In a matter of days after the controversy had started, the invitation was rescinded. This led to the resignation of Stig Sæterbakken from his position as content director as he was the person who had invited Irving. The head of the festival, Randi Skeie, deplored what had taken place, stating "Everything is fine as long as everyone agrees, but things get more difficult when one doesn't like the views being put forward." Sæterbakken characterized his colleagues as "damned cowards" arguing that they were walking in lockstep.

According to editor-in-chief Sven Egil Omdal of Stavanger Aftenblad the opposition to Irving's participation at the festival appeared as a concerted effort and Omdal suggested campaign journalism from two of Norway's largest newspapers, Dagbladet and Aftenposten and Norway's public service broadcaster NRK.

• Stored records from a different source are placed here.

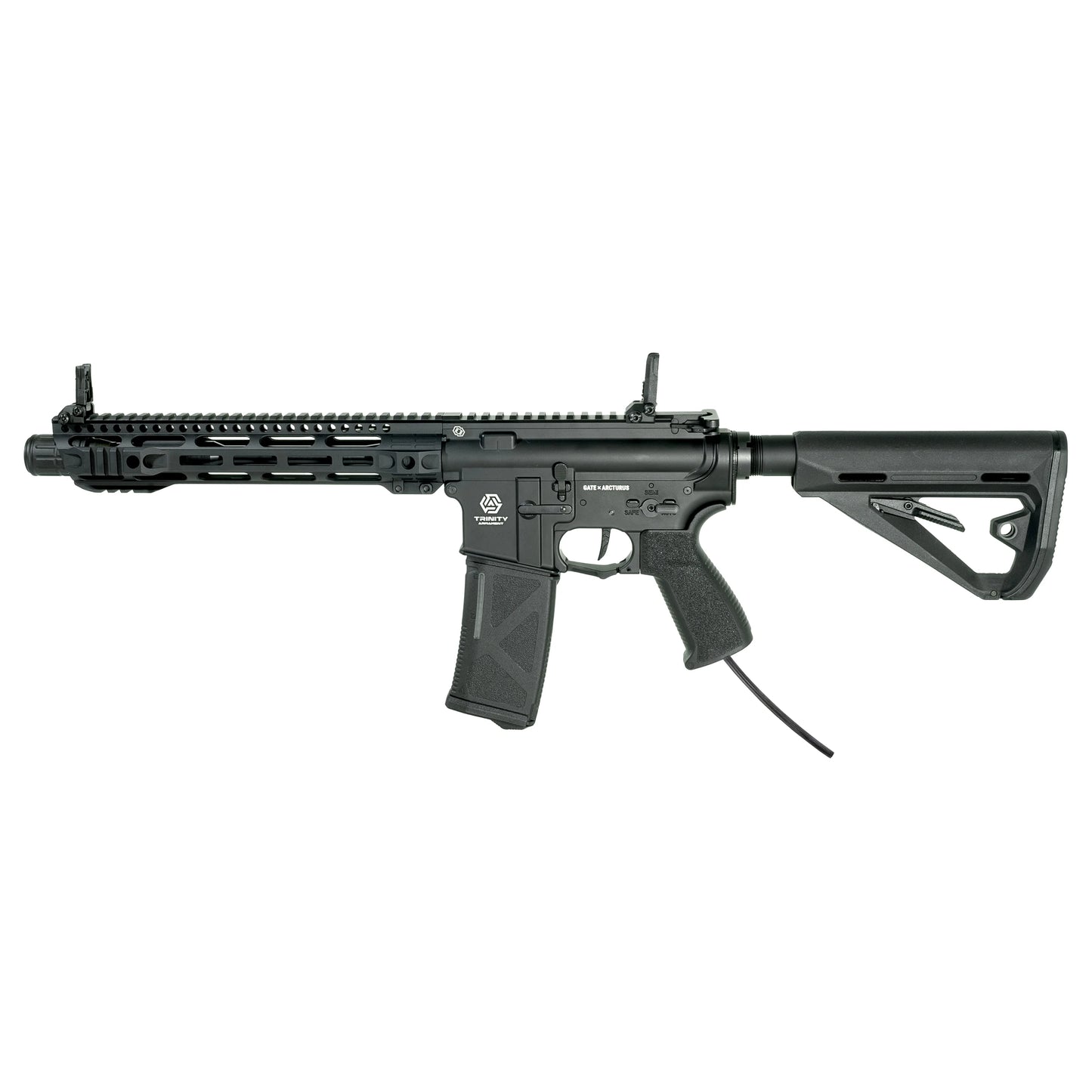 Fusil HPA TRINITY ARMAMENT GA-TA01P noir avec crosse ajustable et chargeur, modèle de haute performance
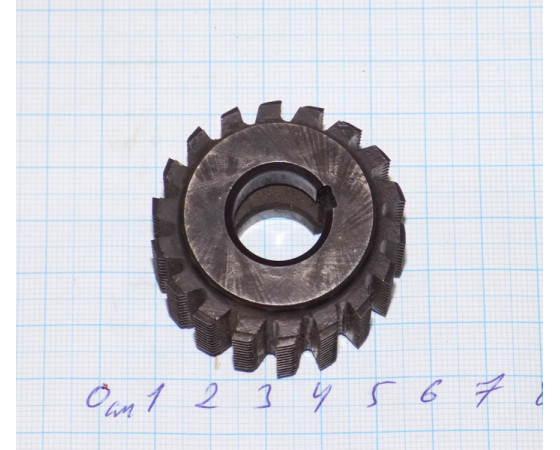 Фреза червячная М 0,6 (20°) 0° 48" 45х32х16 мм мелкомодульная 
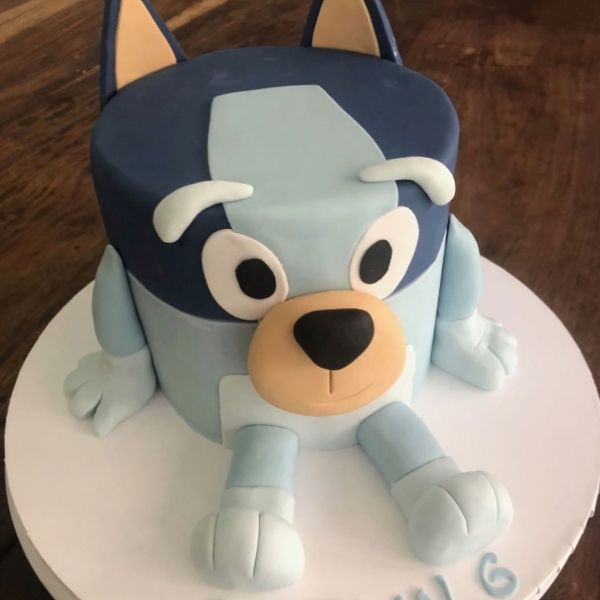 Bluey barbettes feast cake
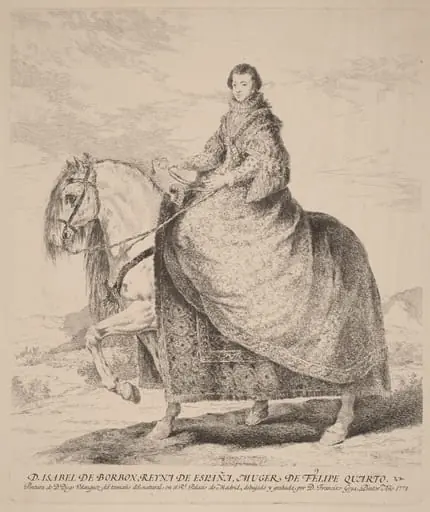 Isabel de Borbon, by Francisco Goya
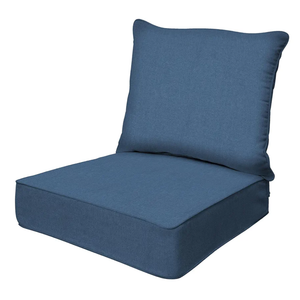 Honeycomb Outdoor Deep Seat, 24 x 23, Textured Solid Pacific Blue Chair Cushion for Patio Furniture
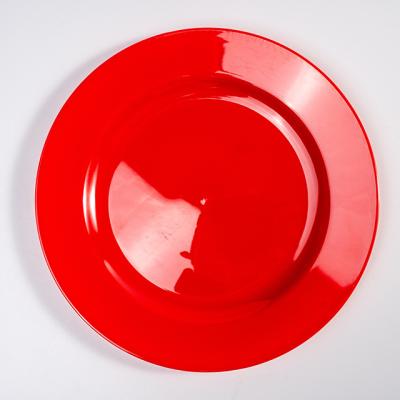 China Hard Decorative Wedding Plates Red Disposable Set For Multiple Scenarios for sale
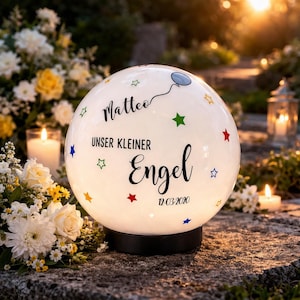 Grave light - solar - star child - grave - solar light - grave lighting - star children - color change image 1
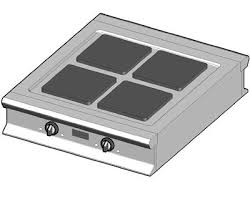 EH/90 Electric appliance, kitchen with 4 cooking zones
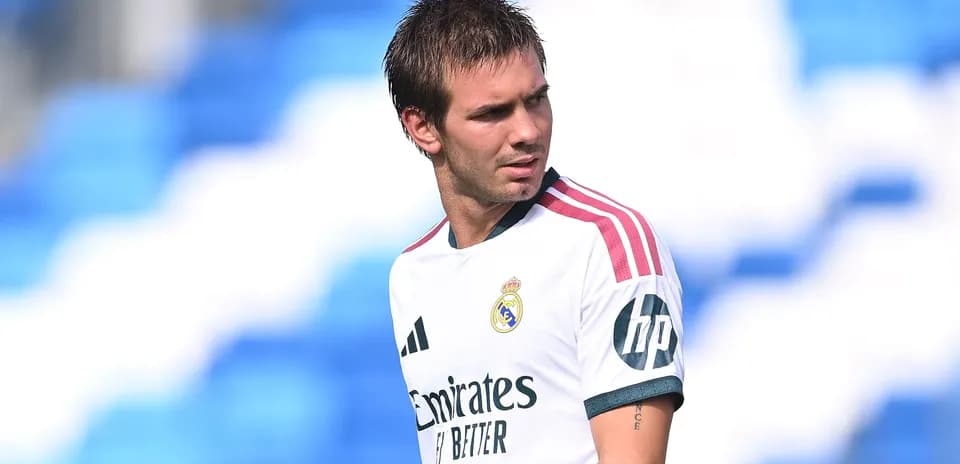 Player in Real Madrid kit during training session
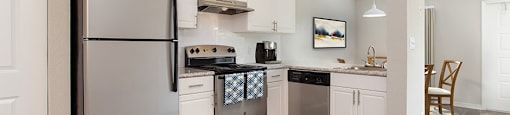 Beautifully designed kitchen inside your apartment home at The Reserves of Melbourne in Melbourne, FL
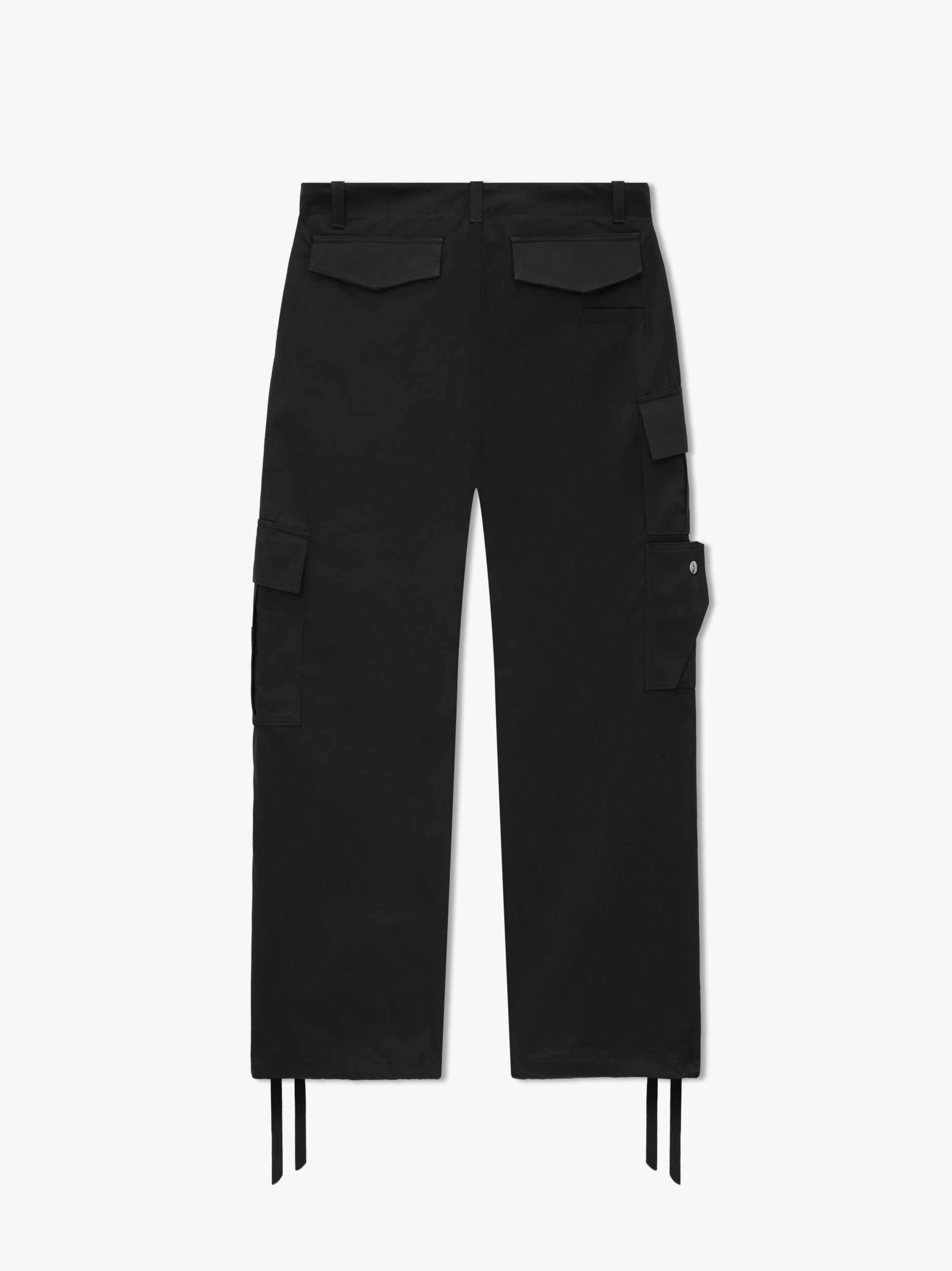 Rhude Black Cotton Cargo Pants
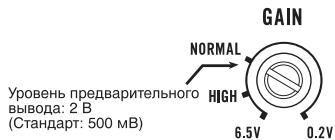 PIONEER GM-3500T - Регулировка коэффициента усиления данного устройства - 1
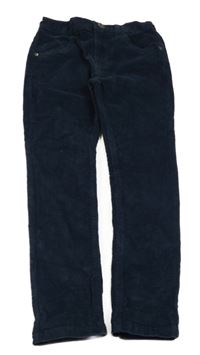 Tmavomodré skinny manšestráky Tu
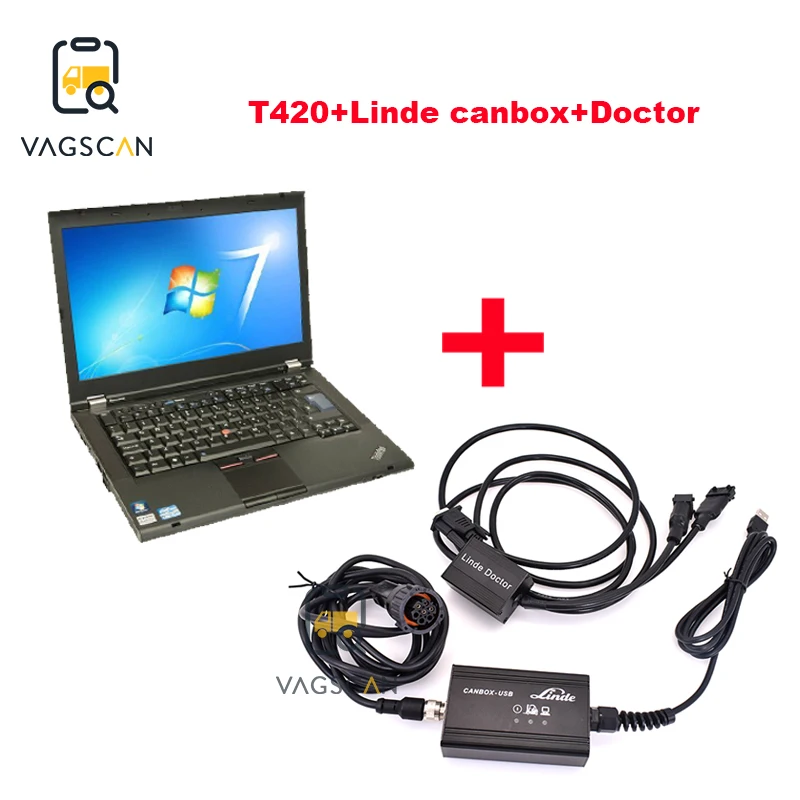 T420 laptop with Diesel forklift truck diagnostic scanner for linde canbox linde doctor pathfinder software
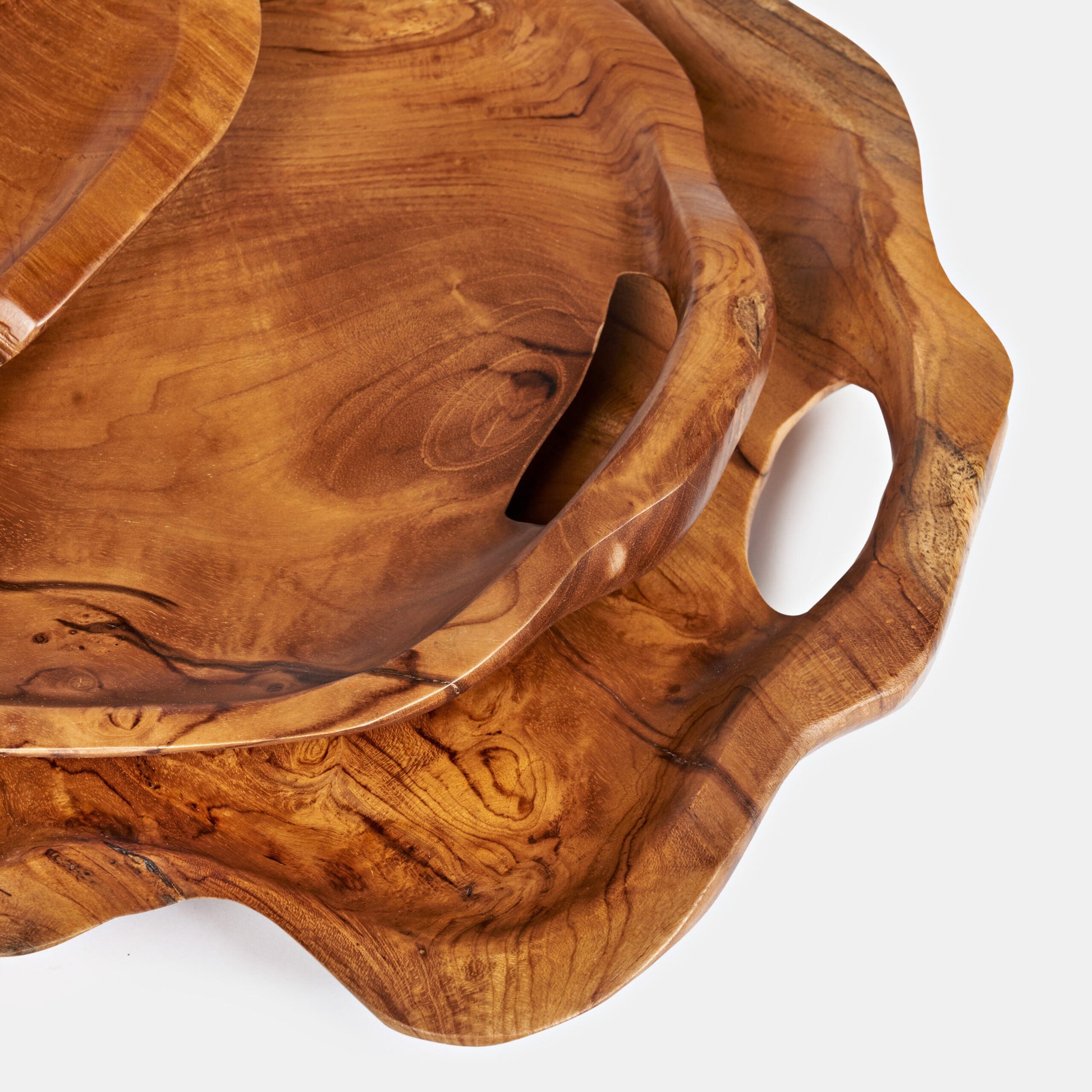Luho Design House Phoenix Natural Teak Tray 3PC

David Irving commented that he had not been told that the festival was going to present him as a liar, and that he was preparing a lecture about the real history of what took place in Norway during World War II, contrary to what official historians have presented. Irving stated that he had thought the Norwegian people to be made of tougher stuff.

Only days after the cancellation David Irving announced that he would go to Lillehammer during the literature festival and deliver his 2-hour lecture from a hotel room.

==Other cultural festivals in Lillehammer==
Other cultural festivals in Lillehammer following the 1994 Lillehammer Olympics are DølaJazz Lillehammer Jazzfestival, and the Amandus Festival, the latter being a festival for young Norwegian filmmakers.